The same 152 questions were also scored by mem0, gpt-4o-as-judge, and a strict-grader variant:

JudgeTendency
Mnemoverse (in-house)strict — off-by-one dates, partial enumerations, and lost qualifiers fail
mem0lenient — Mem0's "be generous, same topic = correct" rubric; accepts paraphrases and partial credit our judge rejects
gpt-4olenient — passes partial answers and date drift our judge rejects
strict-gradervery strict — penalises any token outside ground truth

We publish the strict in-house judge as the headline; the others are recorded per cell for reproducibility but inflate by ~5–20 points on the same answers, mostly by accepting wrong dates or half-recalled lists. Why a single LoCoMo number is fragile — and how a prompt swap alone moves it ~40 points — is the subject of Judges, Good and Evil.
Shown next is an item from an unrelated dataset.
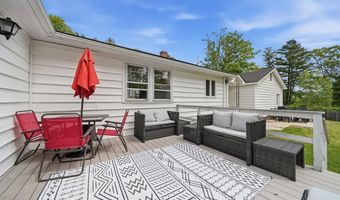 11 W Winkley St, Amesbury, MA 01913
Known asymmetries (disclosed)

Per our methodology, we disclose measurement asymmetries rather than strip them to manufacture parity. After the PR #290 ASYM-024 closure (HTTP adapter now sends two_pass + strategy symmetric with the in-process baseline), an asym=0.25 residual gap persists and its direction now favours the API (HTTP) row: the classifier preset (PPR / gap_filling / entity_chain) can engage on HTTP but not on the strategy=None in-process baseline. Documented algorithm advantages on the Mnemoverse side (Hebbian feedback, two-pass, reranker, μ=0 ingest, between-session consolidation, edge pruning) are kept and disclosed, not hidden. Read the matrix against this caveat.

Reproducibility

All 25 cells (five systems × five k) — with judge prompts, dataset hash, judge-prompt hashes, embedding model, reader model, post-filter question count, and the pinned config.git_sha — are committed as JSON under experiments/benchmarks/matrix/cells/ in mnemoverse-core, alongside BASELINE_FROZEN_2026-06-08.md. The HTTP (API) row requires a core deploy exposing POST /api/v1/memory/read-batch accepting two_pass / strategy (post-PR #290); older deploys reproduce the pre-closure asymmetry.